Data items:

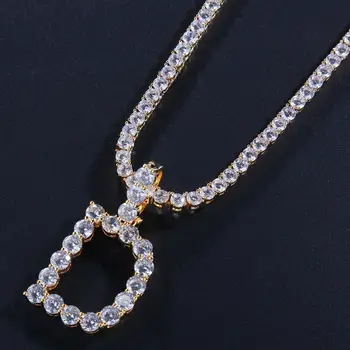 

Zircon Tennis Letters Necklaces & Pendant For Men/Women Gold Color Fashion Hip Hop Jewelry with 4mm Tennis Chain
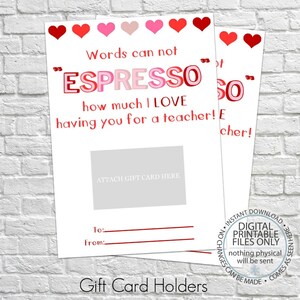 Titular de la tarjeta de regalo del Día de San Valentín imprimible, Titulares de tarjetas de regalo de agradecimiento, Regalo del Día de San Valentín, Tarjeta de San Valentín, Regalos del maestro, Gracias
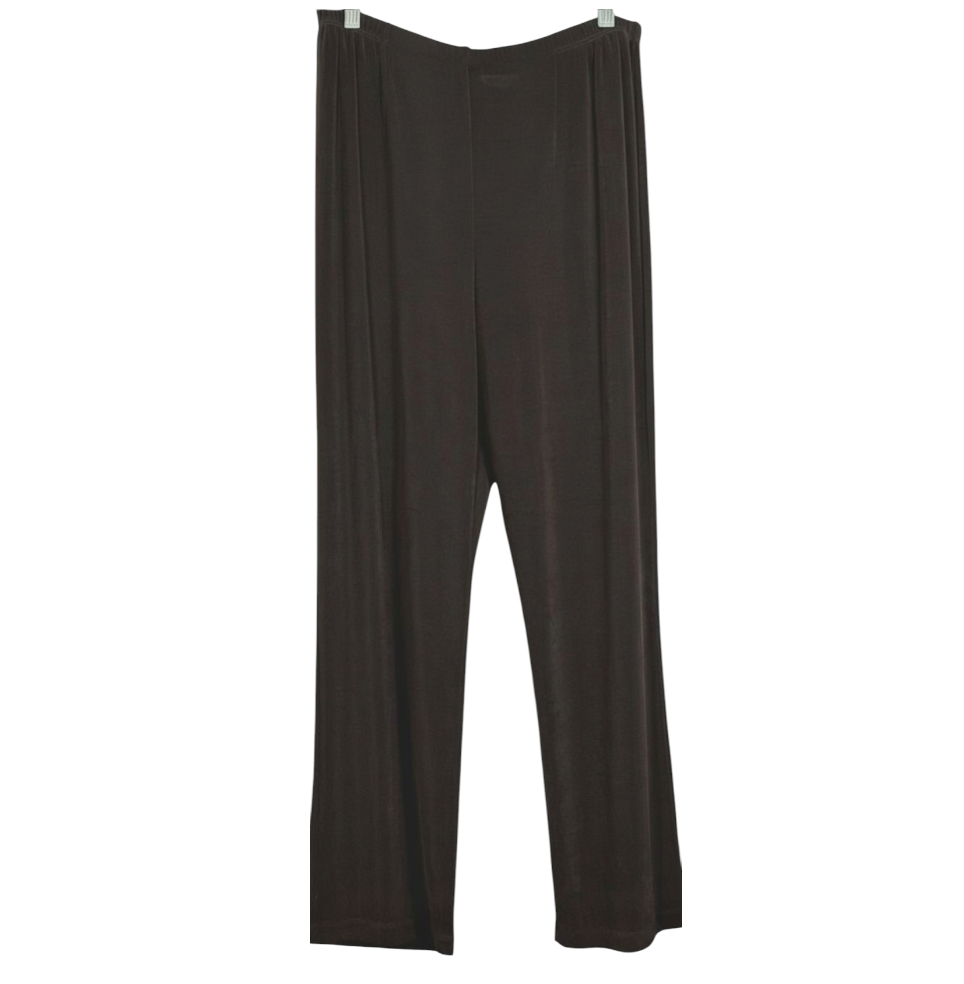 CHICO'S Travelers Brown Pants NO TUMMY FLAT FRONT Straight Leg Knit Stretch M-2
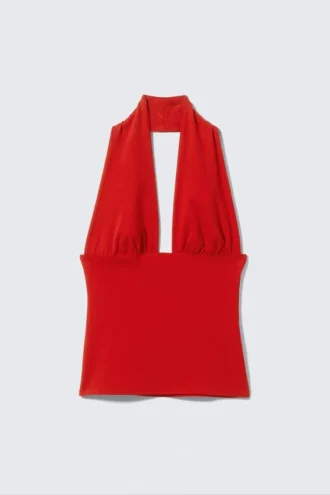 Deep Halterneck Top – Red Deep Halterneck Top – Red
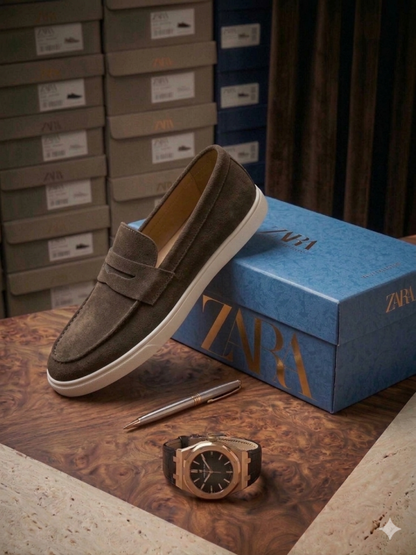 ZAR.A BROWN SUEDE LOAFER 600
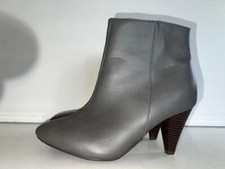TU WOMENS GREY LEATHER SIDE ZIP UP HEELED ANKLE BOOTS SHOE UK SIZE 6 EUR 39 D106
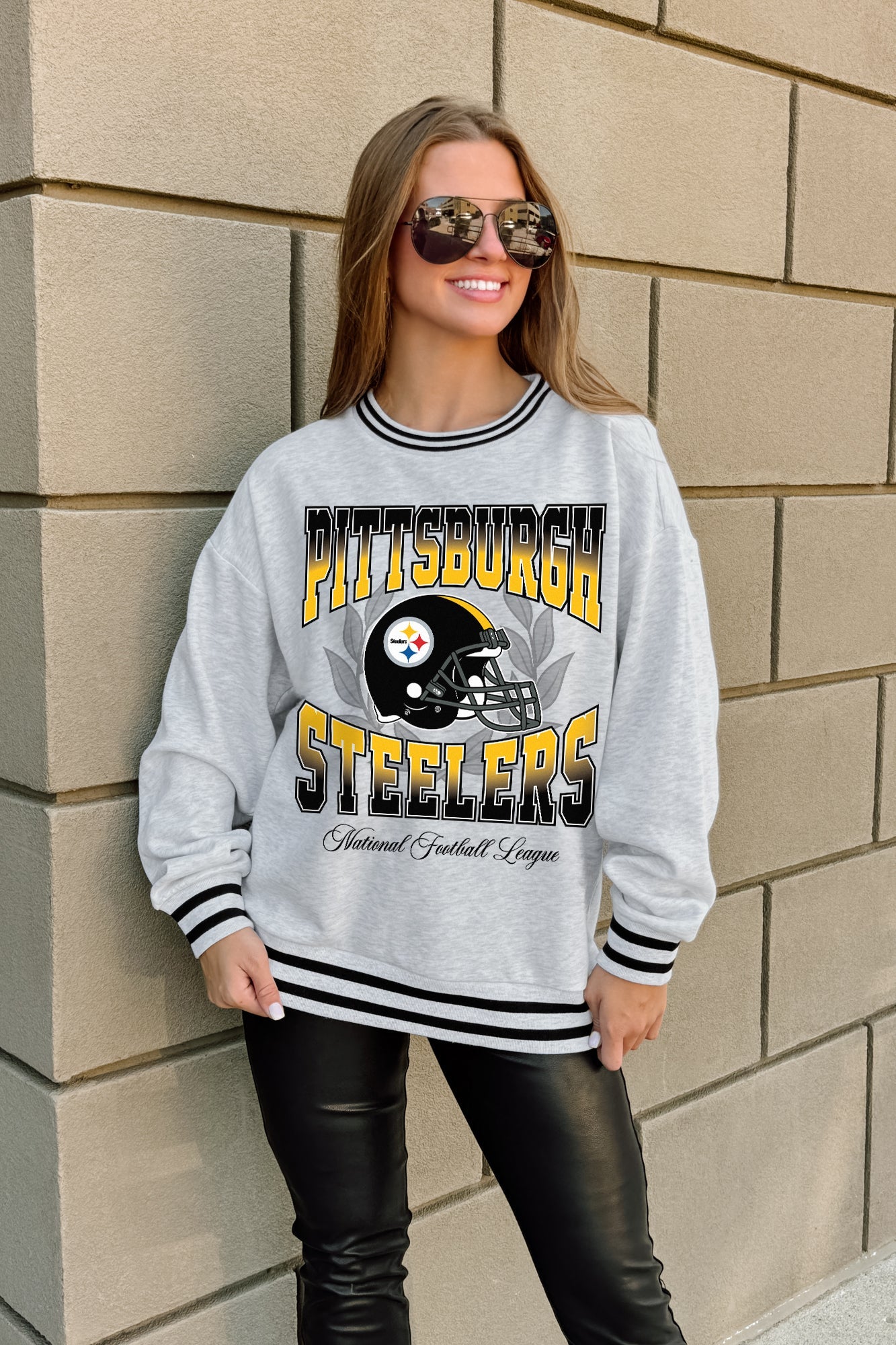 PITTSBURGH STEELERS FADE ROUTE CREW FLEECE RINGER SWEATSHIRT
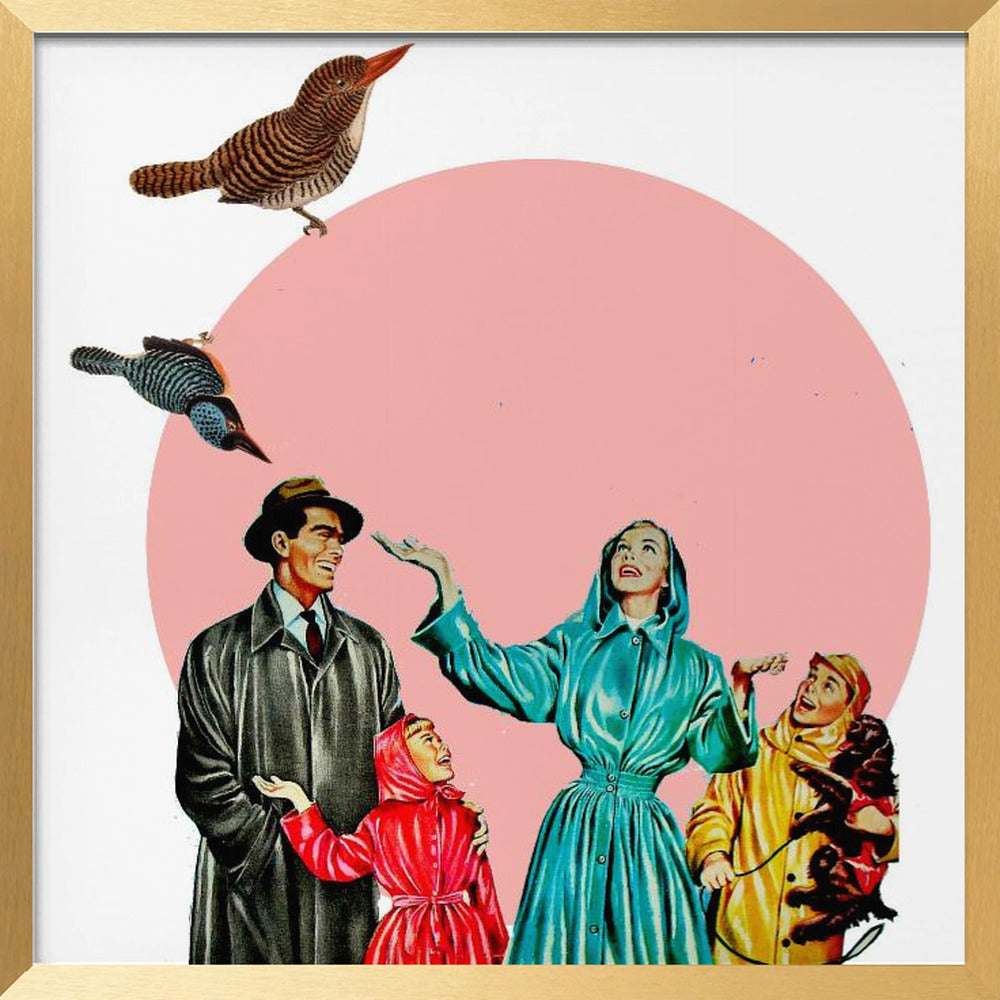 Happy Family- Surreal Collage Poster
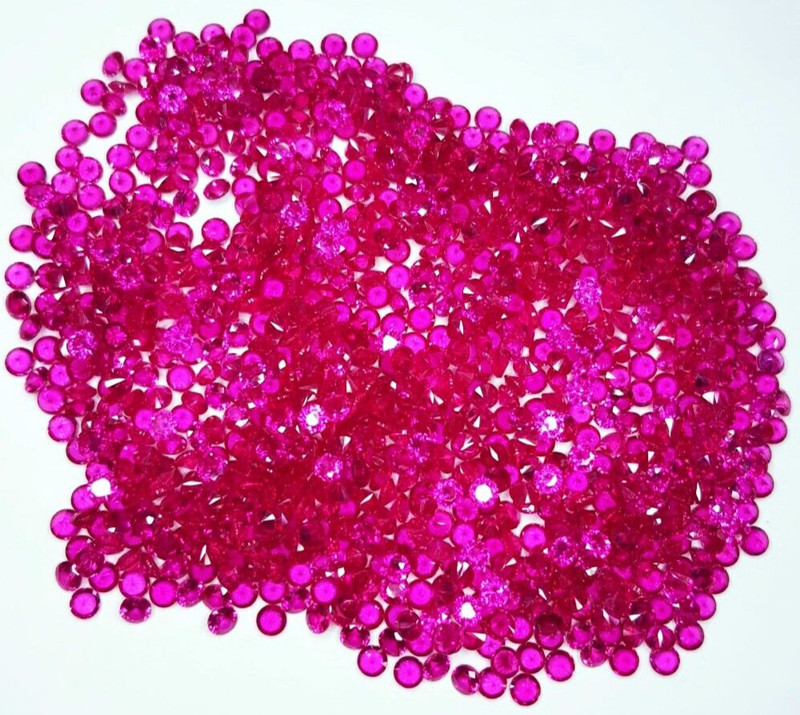 Natural Ruby 2.5 MM Round Cut 1000 Pcs 78 Cts Certified Ruby Gemstone Lot Z287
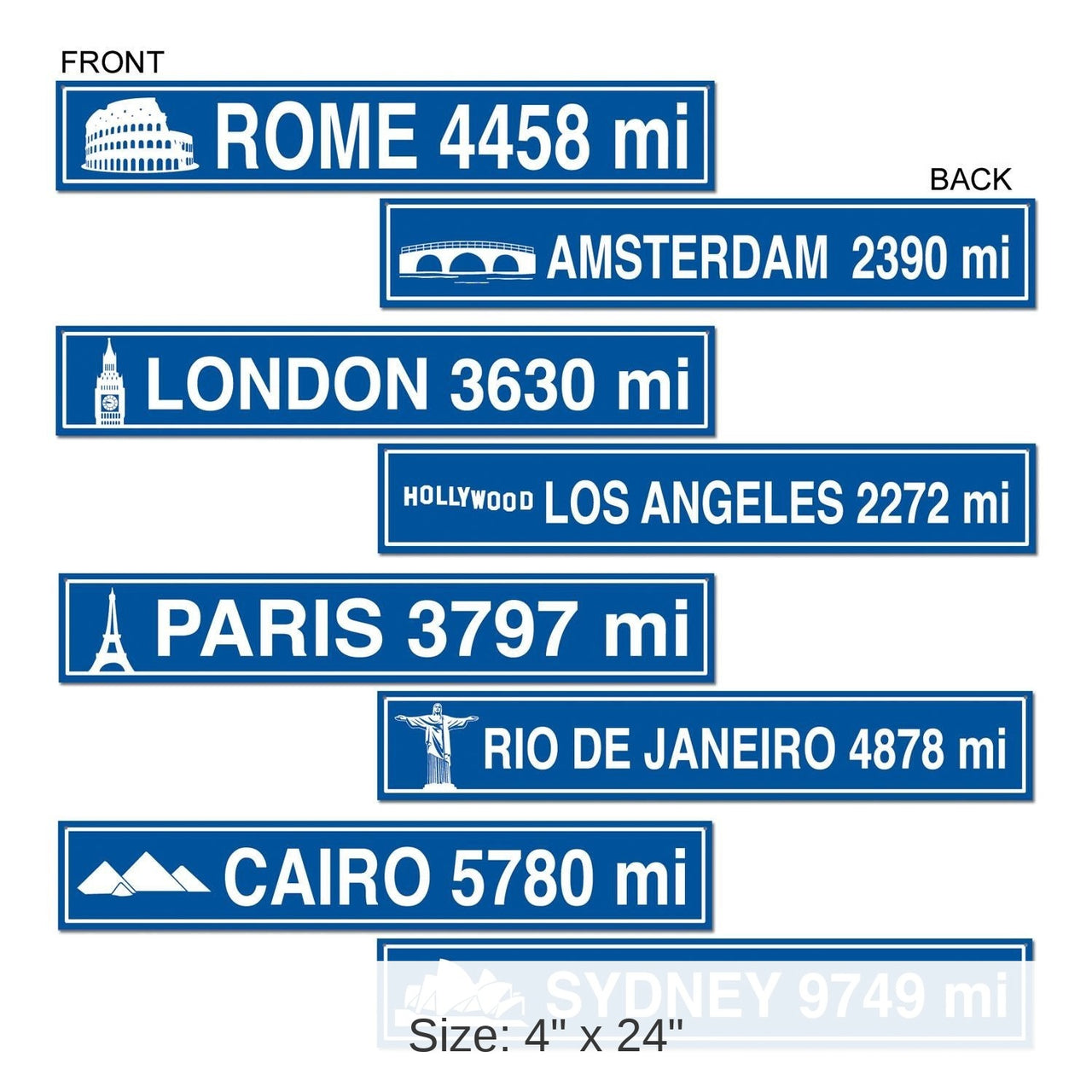 48 Pack Bulk Travel Street Sign Party Cutouts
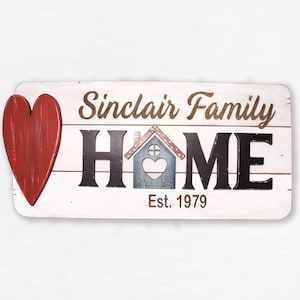 Personalized HOME Sign, Hand Painted Farmhouse Sign, Wood Wall Hanging, Wall Art,  Family Name Sign, Cabin Decor, Wedding Gift, Living Room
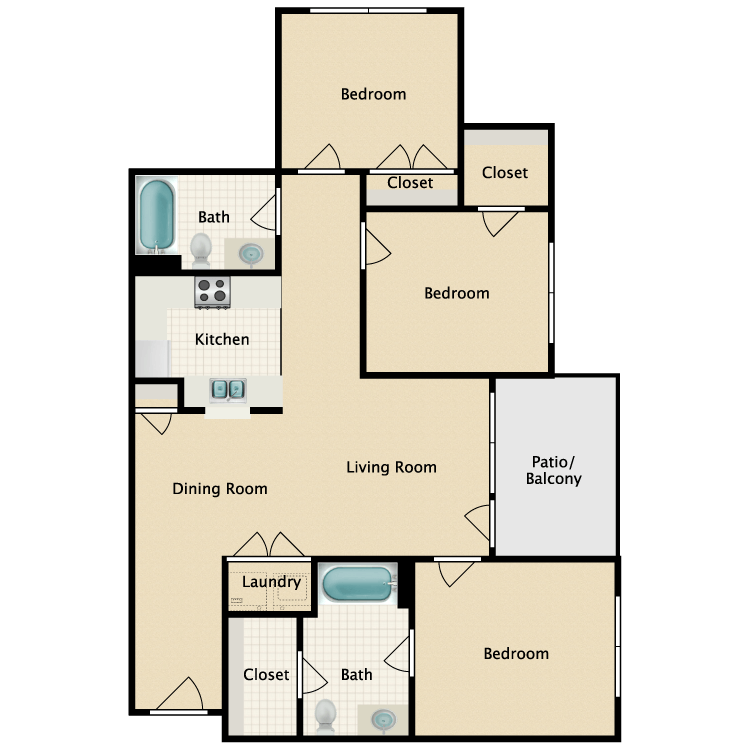 Floor plan image of 3 Bed 2 Bath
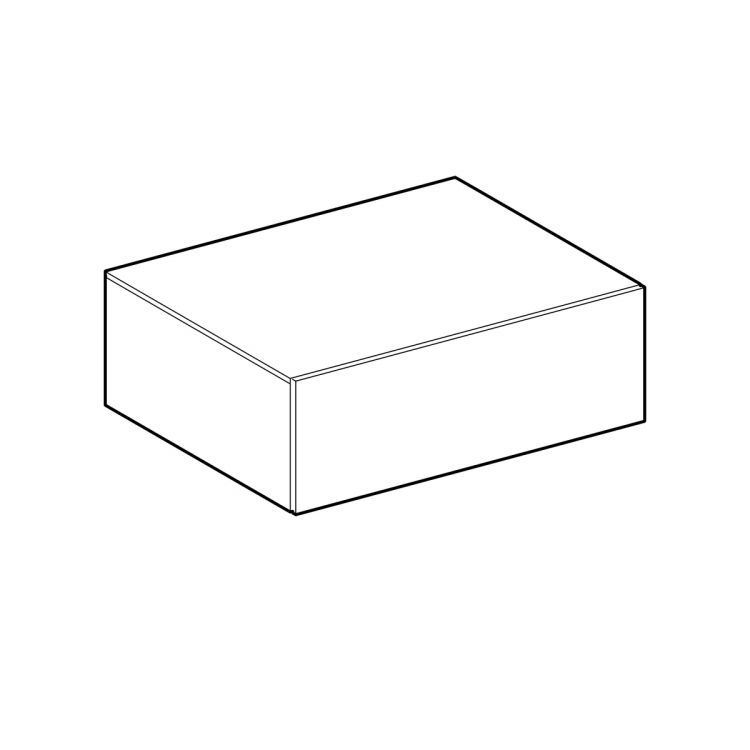 Шкафчик боковой Geberit Xeno? низкий с одним ящиком 580х200х462 мм, матовый серый [500.507.00.1]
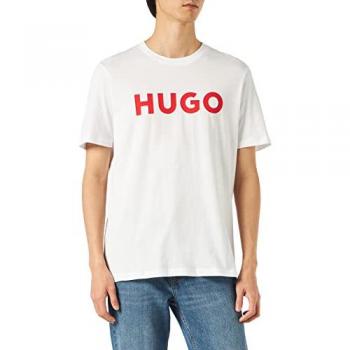 Camiseta de Manga Corta HUGO Dulivio para Hombre, Blanco, Regular Fit, Sostenible, Algodón, Talla XS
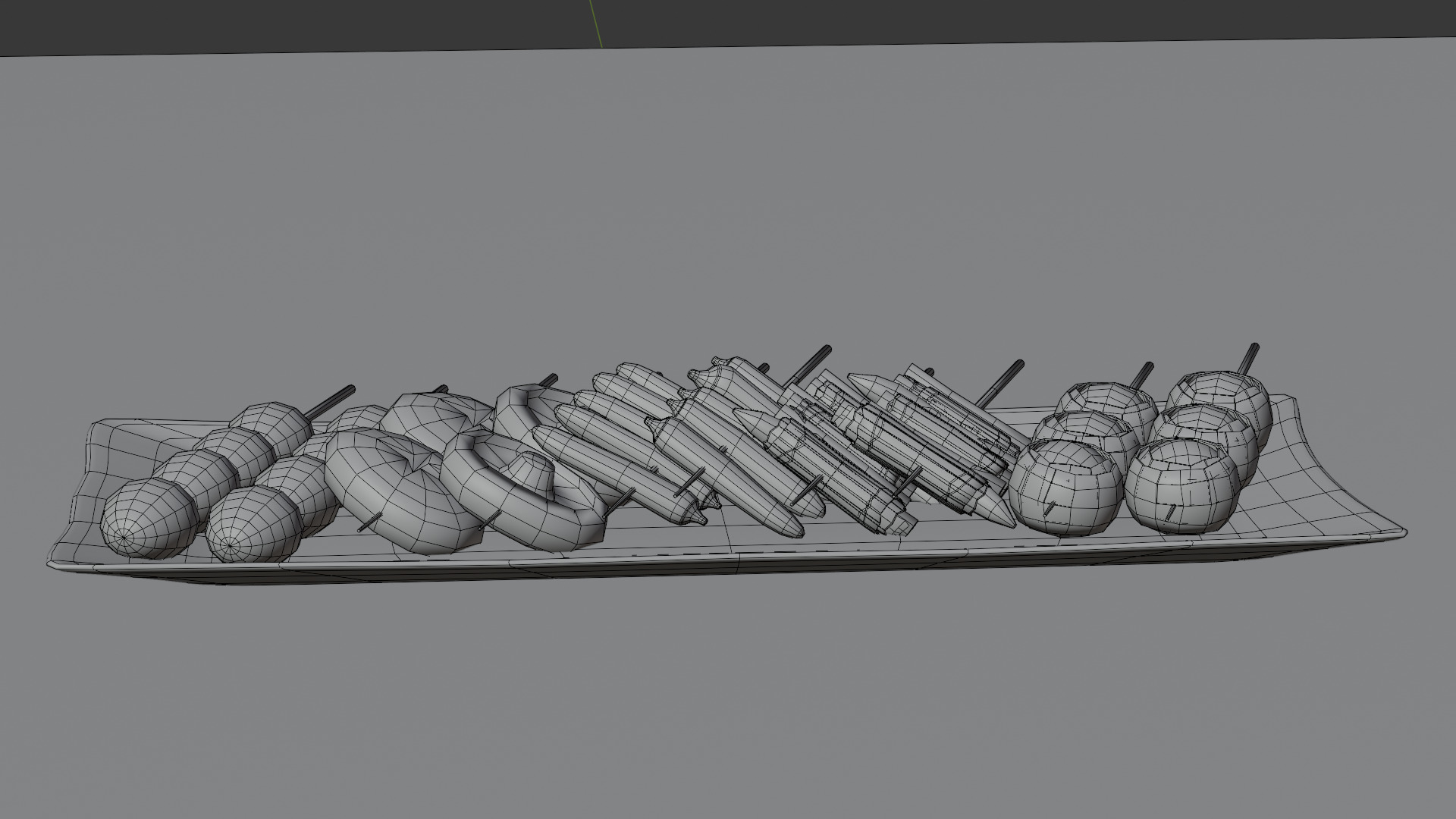 Yakitori assortment -5 types side dishes Low-poly 3D model_15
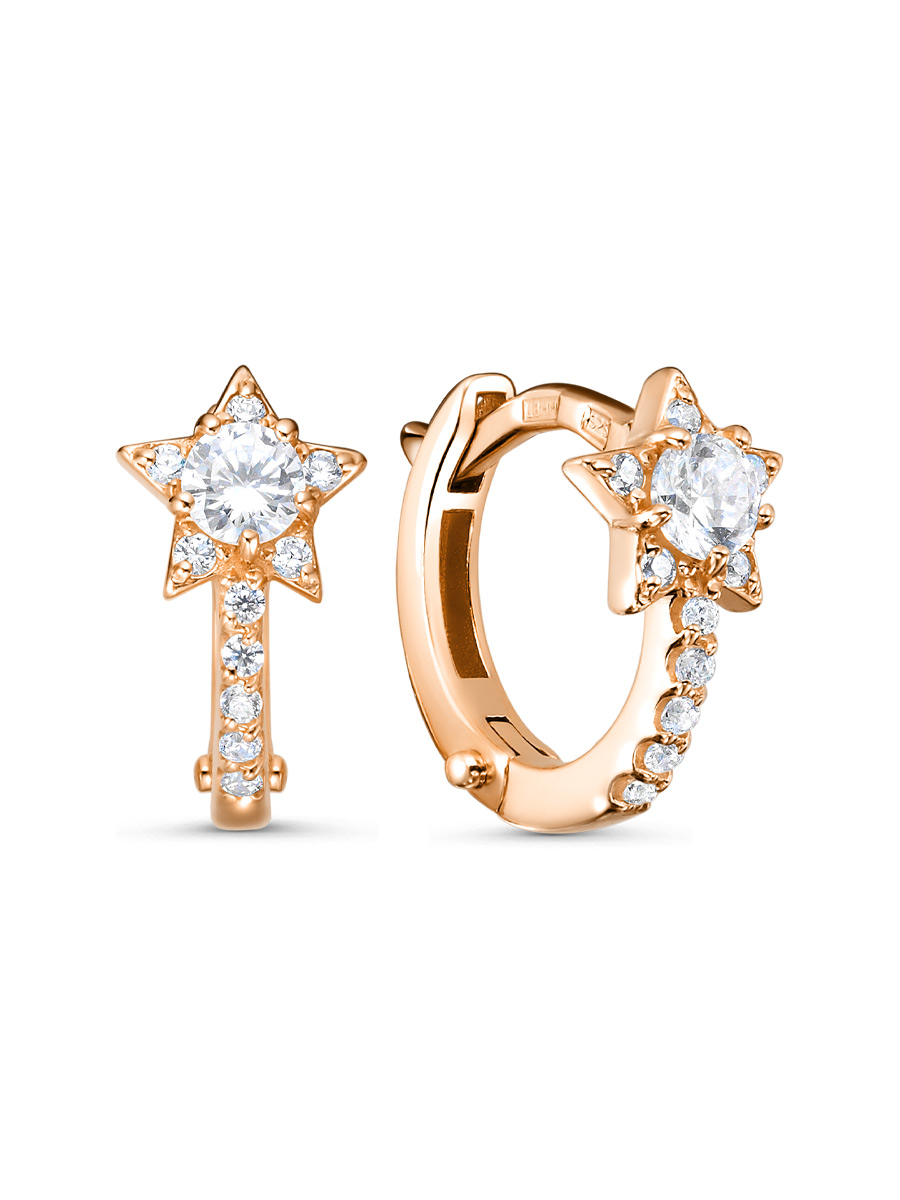 Серьги английский замок из серебра 925 с фианитом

• **What is required**
Reproduce the lines from the line with "PITTSBURGH STEELERS FADE" through the last line of the entries exactly, including both ends and excluding pictures.

• **Exercise output**
 PITTSBURGH STEELERS FADE ROUTE CREW FLEECE RINGER SWEATSHIRT
 Happy Family- Surreal Collage Poster
 Natural Ruby 2.5 MM Round Cut 1000 Pcs 78 Cts Certified Ruby Gemstone Lot Z287
 48 Pack Bulk Travel Street Sign Party Cutouts
 Personalized HOME Sign, Hand Painted Farmhouse Sign, Wood Wall Hanging, Wall Art,  Family Name Sign, Cabin Decor, Wedding Gift, Living Room
 Floor plan image of 3 Bed 2 Bath
 Шкафчик боковой Geberit Xeno? низкий с одним ящиком 580х200х462 мм, матовый серый [500.507.00.1]
 Camiseta de Manga Corta HUGO Dulivio para Hombre, Blanco, Regular Fit, Sostenible, Algodón, Talla XS
 Yakitori assortment -5 types side dishes Low-poly 3D model_15
 Серьги английский замок из серебра 925 с фианитом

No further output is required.